Just wandering around the old streets and alleys adorned with jasmine and bougainvillea flowers is an experience in and of itself. You experience the beautiful stone palazzi, lava steps, and charming surroundings all colored by exotic flora, then stop in one of the small local shops to find colorful Sicilian ceramics, lace, paintings by local artists, special antiques, reproductions of Sicilian carts, and objects made of local lava stone.

Follow in the steps of the most important writers and artist that began in the 19th century to visit Taormina: Goethe, Maupassant, Nietzsche (who wrote his ‘’Thus Spoke Zarathustra” here), Oscar Wilde, and others. Since then the city of fishermen, farmers, and wealthy bourgeois became the residence of elite tourism.

Among the narrow streets and ancient buildings you can see monuments and architectural remains of particular beauty, testimonies to the different cultures that over the centuries have written the history of Sicily.
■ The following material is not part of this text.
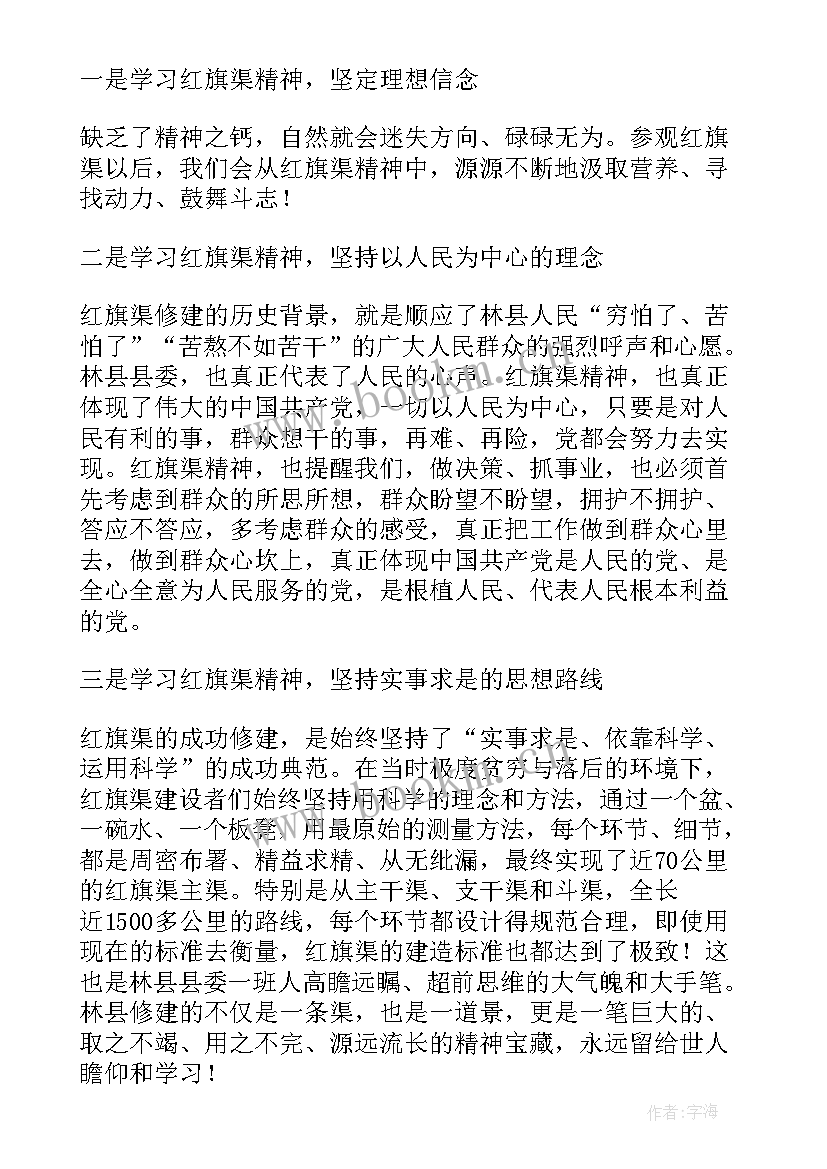 最新红旗渠精神感悟(精选5篇)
For the Greek civilization the theater was the maximum expression of art.

In ancient times when there were no lights or special effects, it was the unique position within the spectacular and magical scenery that made the difference.

The Ancient Theatre of Taormina is set in an idyllic location, with the Ionian Sea and Mount Etna in the background, the place that enchants without even seeing the actors performance. Goethe, who saw this spectacular panorama in 1797, declared: ‘’Never did any audience, in any theatre, have before it such a spectacle’’.
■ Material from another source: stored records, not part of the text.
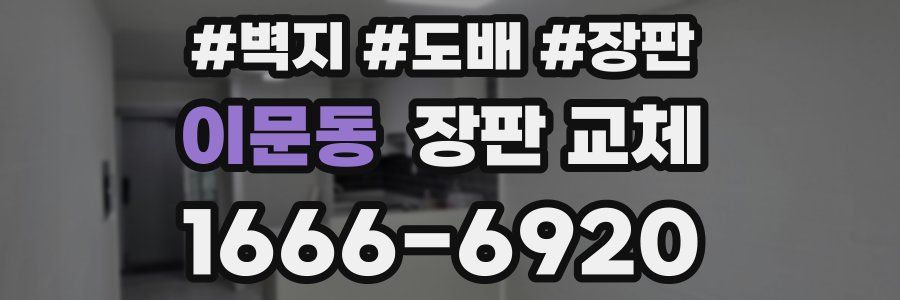 이문동 장판 교체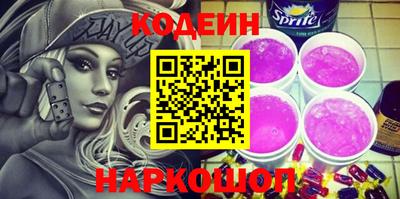 круглые Кулебаки
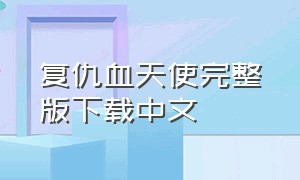 复仇血天使完整版下载中文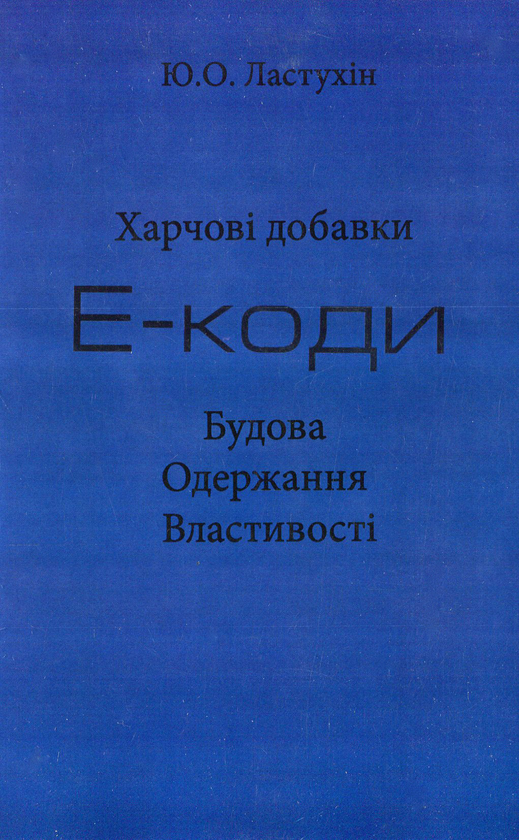 Книга Харчові добавки. Е-коди. Будова. Одержання. Властивості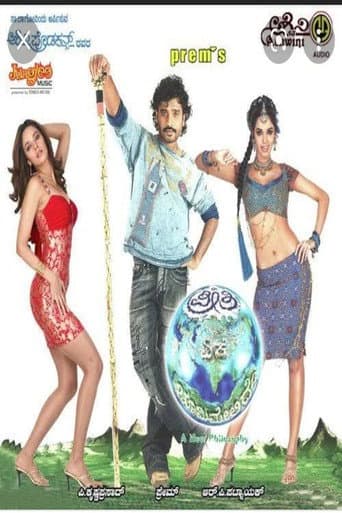 Poster for Ee Preethi Yeke Bhoomi Melide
Constructed during the Greek Hellenistic period, the theatre was literally carved out of the rock on Monte Tauro, and had a capacity of 5,000 spectators.

The Ancient Theatre is the second largest of its kind in all of Sicily behind only the Greek Theatre of Siracusa, and because of its perfect acoustics it is used still today for theatre performances.


The San Domenico’s history begins with Damiano Rosso, a descendant of the Altavilla house and Prince of Cerami. He became a friar, donated all his property, including the palace that was transformed into a convent of the religious order of the Dominicans.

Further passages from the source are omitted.